Aubrey then went on to talk about how Shakespeare would have learned rhetoric in school when he was a student — more so than we do in school today, though we speak more rhetorically  than we may realize. Aubrey’s goal is to outline the ASC’s methodology for teaching students rhetoric, which underscores why rhetoric is important to recognize in working Shakespeare’s text as well as how to use it to your advantage as an actor.
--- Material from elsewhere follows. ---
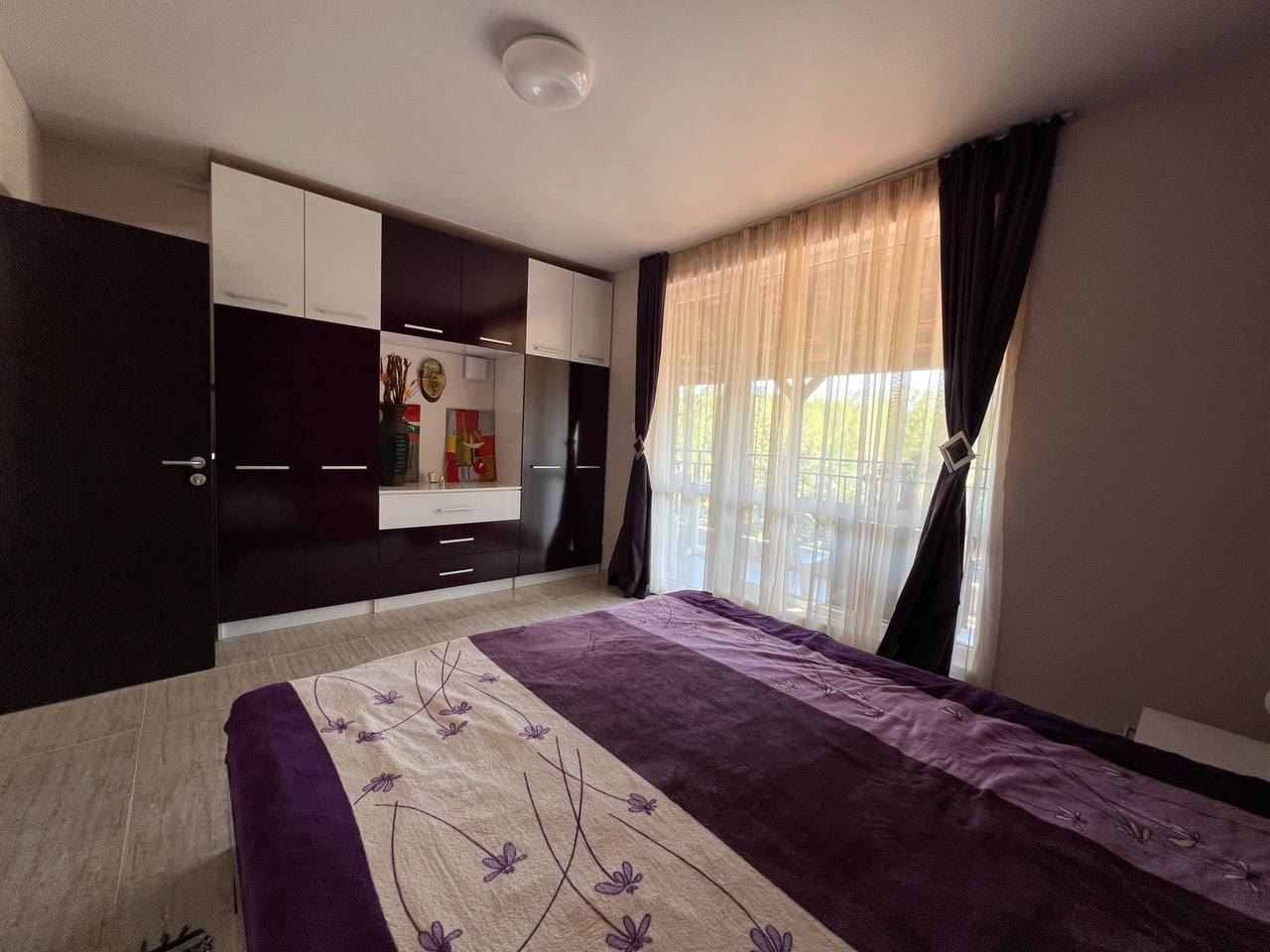 Квартира с одной спальней с полной мебелью в Солнечном Береге – комфорт и удобство рядом с пляжем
The ASC’s methodolgy consolidates a few hundred rhetorical devices (with Greek names like “epizeuxis” and “polyptoton”) into five thematic categories, called “the ROADS to Rhetoric”:

R- repetition

O- omission

A- addition

D- direction

S- substitution

Repetition

We begin with the “R”: repetition. Reading through Coriolanus speeches between Coriolanus and Aufidius (Aubrey’s favorite), we are able to work through both speeches finding rhetoric terms. Finding repetition with sounds building up to words, or repetition of structure, in Coriolanus we find repetition of a lot of hard “c” sounds as well as repetition of enjambment. In Aufidius’ speech we found repetition in him saying “Martius, Martius, Martius” and like Coriolanus a lot of enjambment, which we see frequently in Shakespeare’s later plays.

Omission

We then moved on to the “O” in “ROADS”: omission. Aubrey then explained it in Othello, when Iago says “I like not that” leaving Othello to fill in the blanks which leads him to (spoiler alert) eventually kill his wife. We then talked about paralepsis and how it’s a very effective and passive aggressive thing to do, for example don’t think about the color red… I bet you’re now thinking about the color red. (Yay rhetoric!) Now we’ve essentially talked about the thing we don’t want to talk about, extremely effective. Going back to the Coriolanus speeches we looked for omissions in the speeches. Sometimes we learned that characters are too direct to omit anything, though not the case we found for Coriolanus and Aufidius. Coriolanus tended to omit any information about his family in this speech as well as the fact they he mentions what their armies have done to each other not what they have done to each other. Aufidius tends to omit any moral judgement, he knows what he is going to do.

Addition

Moving on to the “A” in “ROADS”: addition. Figures of addition tend to slow down the characters speech by adding more words to convey the same amount of information, like Bottom in A Midsummer Night’s Dream. Or like Malcom in Macbeth adding all of these adjectives to explain how awful Macbeth is. We went back to the Coriolanus text to see how and where we can find additions between Coriolanus and Aufidius. Coriolanus lists all the wonderful things he did and still they kicked him out.

Direction

Next up is the “D”: direction. Figures of direction tend to be the ones that make students go, “…huh?” because they tend to feature disordered (and therefore confusing) syntax. For example, Shakespeare often employs a device Aubrey affectionately calls “Yoda Speech,” (or, if you like the official term, hyperbaton) which is just inversion of words in a sentence. Figures of direction can also move text forwards by using lists (auxesis) like in Henry V in “O for a muse of fire…”. We talked about antithesis — holding up two ideas in comparison to one another — is the most used rhetorical device in Shakespeare.

Substitution

Running out of time, we quickly looked at the “S” in “ROADS”: substitution, where one thing stands in for something else. These devices include metaphors and similes, as well as rhetorical questions (standing in for an interrogative statement) and a device called anthimeria, or changing the part of speech of a word, like when Cleopatra turns the noun “word” into a verb: “…he words me, girls, he words me.”

And just like that it’s on to the next Plenary Paper Session! Have a great conference day!